Data in this exercise below:

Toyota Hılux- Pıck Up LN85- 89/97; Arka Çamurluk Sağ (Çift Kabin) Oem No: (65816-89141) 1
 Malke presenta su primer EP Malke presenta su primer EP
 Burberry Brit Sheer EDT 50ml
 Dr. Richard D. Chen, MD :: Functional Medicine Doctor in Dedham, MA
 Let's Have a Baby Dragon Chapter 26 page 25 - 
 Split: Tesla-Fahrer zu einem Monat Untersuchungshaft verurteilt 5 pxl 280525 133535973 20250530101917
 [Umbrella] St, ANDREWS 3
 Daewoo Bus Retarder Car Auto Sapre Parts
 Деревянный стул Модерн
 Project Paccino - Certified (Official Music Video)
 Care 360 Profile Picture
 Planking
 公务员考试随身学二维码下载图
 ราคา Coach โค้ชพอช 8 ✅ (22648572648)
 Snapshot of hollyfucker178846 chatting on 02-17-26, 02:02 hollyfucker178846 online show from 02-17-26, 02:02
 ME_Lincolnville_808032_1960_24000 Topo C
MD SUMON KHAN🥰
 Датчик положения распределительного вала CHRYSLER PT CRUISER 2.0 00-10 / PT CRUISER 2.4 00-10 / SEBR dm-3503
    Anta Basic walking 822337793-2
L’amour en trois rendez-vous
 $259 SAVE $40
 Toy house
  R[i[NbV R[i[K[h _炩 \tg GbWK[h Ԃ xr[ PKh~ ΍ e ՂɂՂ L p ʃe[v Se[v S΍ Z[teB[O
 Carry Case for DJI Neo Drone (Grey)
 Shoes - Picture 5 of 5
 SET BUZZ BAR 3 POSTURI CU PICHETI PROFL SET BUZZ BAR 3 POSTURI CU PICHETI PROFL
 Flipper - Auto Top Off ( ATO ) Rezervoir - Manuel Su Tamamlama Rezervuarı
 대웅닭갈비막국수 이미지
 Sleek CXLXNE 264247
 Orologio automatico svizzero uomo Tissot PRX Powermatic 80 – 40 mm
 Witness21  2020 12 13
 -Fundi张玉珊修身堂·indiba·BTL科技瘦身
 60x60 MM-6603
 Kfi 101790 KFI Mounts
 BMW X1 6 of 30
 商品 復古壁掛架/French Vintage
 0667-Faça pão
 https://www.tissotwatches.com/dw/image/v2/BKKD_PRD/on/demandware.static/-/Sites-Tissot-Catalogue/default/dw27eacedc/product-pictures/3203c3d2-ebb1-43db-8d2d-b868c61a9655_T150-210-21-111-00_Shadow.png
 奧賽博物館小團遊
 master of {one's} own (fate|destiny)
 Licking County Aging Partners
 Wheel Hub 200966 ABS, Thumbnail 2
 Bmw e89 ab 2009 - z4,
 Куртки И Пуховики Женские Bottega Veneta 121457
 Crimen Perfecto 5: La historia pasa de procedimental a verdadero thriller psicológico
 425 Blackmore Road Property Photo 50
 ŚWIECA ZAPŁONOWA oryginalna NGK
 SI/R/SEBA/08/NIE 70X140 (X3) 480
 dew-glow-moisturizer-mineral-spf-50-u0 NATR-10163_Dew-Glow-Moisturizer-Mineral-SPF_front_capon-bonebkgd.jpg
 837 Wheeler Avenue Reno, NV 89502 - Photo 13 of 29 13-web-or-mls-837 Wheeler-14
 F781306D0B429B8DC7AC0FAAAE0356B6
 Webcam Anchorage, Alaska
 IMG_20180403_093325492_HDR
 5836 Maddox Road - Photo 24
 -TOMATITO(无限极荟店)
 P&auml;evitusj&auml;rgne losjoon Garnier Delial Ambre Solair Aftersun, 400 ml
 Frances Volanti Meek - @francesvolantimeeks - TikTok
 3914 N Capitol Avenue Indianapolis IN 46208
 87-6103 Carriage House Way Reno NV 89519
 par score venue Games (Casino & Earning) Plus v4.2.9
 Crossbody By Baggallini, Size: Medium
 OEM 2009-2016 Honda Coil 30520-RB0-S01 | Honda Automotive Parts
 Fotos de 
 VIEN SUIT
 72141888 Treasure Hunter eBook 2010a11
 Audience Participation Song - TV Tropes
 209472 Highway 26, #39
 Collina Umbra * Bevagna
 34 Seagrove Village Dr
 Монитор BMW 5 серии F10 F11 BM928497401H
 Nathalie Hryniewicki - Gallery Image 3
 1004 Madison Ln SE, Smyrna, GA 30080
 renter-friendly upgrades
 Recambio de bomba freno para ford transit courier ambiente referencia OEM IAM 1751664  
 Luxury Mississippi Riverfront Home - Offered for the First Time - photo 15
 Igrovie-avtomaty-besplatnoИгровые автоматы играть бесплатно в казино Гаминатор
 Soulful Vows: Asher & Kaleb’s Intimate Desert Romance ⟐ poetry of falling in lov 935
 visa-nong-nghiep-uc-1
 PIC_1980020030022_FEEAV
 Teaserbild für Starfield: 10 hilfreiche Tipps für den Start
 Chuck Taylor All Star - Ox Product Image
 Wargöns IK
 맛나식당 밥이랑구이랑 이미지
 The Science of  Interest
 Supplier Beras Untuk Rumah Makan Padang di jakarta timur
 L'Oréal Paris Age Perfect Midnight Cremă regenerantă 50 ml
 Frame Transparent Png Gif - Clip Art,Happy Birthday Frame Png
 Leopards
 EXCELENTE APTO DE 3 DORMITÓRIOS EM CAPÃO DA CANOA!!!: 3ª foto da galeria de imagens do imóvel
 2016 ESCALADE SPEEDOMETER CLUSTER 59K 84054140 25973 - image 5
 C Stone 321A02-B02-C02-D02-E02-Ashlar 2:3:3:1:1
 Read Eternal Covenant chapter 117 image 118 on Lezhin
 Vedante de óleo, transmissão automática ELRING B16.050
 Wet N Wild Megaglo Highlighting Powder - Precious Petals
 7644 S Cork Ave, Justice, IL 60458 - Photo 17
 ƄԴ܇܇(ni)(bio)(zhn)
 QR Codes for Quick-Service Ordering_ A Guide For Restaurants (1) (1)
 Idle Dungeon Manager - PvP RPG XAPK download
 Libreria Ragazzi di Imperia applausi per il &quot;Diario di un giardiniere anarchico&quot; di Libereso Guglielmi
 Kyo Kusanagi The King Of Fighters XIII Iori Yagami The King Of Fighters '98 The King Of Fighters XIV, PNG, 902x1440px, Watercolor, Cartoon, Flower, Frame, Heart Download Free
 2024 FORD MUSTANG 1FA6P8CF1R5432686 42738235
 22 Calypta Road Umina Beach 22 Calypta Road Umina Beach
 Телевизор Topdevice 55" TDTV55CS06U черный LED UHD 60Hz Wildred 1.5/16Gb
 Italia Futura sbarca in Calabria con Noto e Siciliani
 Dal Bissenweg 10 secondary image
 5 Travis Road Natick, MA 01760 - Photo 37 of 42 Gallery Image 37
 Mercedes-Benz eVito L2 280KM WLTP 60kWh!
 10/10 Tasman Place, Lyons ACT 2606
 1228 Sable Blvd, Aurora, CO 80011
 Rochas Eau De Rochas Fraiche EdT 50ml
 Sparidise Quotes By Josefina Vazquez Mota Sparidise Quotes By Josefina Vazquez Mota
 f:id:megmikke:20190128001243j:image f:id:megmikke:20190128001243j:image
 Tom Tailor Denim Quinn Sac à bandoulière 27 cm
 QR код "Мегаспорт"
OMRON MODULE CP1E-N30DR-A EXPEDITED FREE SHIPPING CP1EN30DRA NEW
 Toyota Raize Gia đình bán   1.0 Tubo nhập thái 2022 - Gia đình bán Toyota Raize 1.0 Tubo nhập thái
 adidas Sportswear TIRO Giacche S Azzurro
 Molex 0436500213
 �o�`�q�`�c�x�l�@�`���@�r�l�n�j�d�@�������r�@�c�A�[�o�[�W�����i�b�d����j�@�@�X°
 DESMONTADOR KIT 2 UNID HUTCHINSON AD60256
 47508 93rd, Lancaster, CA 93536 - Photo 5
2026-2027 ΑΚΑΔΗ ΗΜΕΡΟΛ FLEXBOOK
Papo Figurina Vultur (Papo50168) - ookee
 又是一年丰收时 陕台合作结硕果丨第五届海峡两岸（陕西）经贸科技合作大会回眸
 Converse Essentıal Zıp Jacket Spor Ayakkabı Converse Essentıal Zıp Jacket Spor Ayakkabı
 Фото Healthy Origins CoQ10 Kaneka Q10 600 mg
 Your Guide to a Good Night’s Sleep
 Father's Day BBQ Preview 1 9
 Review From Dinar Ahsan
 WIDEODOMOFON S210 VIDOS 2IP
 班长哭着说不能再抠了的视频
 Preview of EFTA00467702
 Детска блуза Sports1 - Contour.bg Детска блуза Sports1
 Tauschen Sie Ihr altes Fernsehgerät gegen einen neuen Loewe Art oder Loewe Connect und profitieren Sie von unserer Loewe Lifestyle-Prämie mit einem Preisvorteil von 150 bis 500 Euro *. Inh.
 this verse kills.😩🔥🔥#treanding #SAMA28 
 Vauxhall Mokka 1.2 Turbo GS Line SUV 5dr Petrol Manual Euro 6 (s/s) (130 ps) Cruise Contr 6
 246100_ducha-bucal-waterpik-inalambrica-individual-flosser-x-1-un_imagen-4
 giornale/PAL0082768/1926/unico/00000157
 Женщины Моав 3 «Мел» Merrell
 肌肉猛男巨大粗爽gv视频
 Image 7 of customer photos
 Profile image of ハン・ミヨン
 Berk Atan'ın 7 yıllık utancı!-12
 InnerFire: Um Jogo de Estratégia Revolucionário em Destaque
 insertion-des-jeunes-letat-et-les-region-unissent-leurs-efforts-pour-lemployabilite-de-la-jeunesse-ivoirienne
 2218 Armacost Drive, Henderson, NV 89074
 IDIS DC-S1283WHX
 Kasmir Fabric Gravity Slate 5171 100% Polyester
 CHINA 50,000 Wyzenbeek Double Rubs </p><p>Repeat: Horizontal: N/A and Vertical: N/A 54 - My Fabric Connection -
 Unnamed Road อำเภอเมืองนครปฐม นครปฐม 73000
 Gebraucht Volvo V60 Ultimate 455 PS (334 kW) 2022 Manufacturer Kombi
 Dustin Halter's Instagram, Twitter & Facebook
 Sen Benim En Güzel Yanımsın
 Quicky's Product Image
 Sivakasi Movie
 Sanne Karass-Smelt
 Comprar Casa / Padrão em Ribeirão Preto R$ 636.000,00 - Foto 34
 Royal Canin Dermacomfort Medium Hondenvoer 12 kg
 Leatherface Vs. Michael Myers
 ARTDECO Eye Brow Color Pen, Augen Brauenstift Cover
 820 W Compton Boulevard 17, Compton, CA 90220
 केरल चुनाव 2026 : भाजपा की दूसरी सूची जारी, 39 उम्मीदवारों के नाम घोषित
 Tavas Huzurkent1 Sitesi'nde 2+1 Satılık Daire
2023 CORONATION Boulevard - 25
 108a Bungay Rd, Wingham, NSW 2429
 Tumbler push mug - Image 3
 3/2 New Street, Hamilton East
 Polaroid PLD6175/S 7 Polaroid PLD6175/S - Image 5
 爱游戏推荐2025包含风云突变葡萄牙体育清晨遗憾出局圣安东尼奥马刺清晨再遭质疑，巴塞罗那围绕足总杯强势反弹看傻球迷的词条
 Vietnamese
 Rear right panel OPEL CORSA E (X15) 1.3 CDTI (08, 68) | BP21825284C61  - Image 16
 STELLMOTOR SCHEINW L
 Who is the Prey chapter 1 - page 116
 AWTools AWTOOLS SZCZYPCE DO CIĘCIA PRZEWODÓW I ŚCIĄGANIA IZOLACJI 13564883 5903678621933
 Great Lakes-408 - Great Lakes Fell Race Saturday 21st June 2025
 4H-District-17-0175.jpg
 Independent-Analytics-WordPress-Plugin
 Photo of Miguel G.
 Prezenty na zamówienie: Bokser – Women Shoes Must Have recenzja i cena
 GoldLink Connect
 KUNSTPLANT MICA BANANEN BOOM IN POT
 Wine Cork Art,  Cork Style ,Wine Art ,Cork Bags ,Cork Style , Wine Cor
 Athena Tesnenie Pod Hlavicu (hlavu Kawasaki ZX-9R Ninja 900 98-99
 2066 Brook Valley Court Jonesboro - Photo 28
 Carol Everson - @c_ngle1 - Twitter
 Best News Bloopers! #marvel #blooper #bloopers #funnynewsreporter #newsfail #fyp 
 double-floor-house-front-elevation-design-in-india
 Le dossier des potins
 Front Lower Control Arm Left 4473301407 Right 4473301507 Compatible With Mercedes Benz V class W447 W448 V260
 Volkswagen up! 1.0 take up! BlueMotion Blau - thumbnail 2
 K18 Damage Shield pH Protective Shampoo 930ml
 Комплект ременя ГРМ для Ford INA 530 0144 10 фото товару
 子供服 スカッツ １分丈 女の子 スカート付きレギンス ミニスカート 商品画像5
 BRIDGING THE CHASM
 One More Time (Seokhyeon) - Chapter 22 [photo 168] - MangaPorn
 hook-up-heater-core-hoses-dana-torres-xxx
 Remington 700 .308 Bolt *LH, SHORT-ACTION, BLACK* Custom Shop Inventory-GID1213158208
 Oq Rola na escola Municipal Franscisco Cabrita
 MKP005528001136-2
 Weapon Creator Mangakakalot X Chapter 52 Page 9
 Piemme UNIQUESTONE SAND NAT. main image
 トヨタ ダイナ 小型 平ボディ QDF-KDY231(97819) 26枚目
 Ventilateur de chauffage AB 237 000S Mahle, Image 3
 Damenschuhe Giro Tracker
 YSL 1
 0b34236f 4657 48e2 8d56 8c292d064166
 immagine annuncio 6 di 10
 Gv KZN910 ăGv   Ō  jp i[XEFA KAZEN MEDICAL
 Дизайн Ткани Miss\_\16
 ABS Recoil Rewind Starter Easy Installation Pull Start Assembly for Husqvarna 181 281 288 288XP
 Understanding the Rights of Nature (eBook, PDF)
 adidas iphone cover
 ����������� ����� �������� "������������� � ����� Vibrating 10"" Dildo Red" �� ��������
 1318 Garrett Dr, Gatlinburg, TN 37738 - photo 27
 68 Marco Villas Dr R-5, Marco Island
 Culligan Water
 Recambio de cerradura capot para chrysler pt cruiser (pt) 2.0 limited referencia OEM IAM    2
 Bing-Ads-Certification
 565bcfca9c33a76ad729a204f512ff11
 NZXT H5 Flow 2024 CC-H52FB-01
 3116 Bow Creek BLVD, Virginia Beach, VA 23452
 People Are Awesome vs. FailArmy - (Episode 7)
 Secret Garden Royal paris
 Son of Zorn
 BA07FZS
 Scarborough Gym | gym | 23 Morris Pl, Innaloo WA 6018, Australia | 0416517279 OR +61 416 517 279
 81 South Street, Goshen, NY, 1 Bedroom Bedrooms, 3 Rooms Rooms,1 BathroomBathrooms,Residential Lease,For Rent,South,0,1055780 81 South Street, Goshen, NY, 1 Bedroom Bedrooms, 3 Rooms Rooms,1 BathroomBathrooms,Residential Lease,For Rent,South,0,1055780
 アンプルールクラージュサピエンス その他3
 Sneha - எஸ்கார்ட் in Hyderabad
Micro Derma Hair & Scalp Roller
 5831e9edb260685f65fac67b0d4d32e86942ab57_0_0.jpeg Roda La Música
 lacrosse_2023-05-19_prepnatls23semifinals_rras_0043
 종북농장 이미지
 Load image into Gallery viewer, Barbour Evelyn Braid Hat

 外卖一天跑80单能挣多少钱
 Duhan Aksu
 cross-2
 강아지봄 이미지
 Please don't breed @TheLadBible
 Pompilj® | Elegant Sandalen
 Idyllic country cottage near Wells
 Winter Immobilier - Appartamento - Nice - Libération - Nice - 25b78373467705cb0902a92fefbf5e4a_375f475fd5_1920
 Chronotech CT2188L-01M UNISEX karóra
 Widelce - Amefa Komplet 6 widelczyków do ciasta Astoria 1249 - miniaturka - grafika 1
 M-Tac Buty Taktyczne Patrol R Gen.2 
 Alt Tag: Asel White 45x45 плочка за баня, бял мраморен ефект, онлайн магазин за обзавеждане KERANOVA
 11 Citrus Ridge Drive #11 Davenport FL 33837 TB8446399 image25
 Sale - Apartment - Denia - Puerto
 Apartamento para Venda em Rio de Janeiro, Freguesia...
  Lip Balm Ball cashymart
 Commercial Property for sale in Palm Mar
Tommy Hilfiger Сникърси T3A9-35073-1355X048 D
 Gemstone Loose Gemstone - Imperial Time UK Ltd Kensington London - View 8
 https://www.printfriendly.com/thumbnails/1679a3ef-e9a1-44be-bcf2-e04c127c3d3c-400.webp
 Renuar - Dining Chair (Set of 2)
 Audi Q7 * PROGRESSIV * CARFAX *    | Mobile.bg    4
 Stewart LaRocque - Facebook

End of Data in this exercise.

Problem -> Your answer must consist solely of the lines from the top of the entries above through the line containing "Dr. Richard D.", copied exactly, both ends included.

Answer for this exercise ->
Toyota Hılux- Pıck Up LN85- 89/97; Arka Çamurluk Sağ (Çift Kabin) Oem No: (65816-89141) 1
 Malke presenta su primer EP Malke presenta su primer EP
 Burberry Brit Sheer EDT 50ml
 Dr. Richard D. Chen, MD :: Functional Medicine Doctor in Dedham, MA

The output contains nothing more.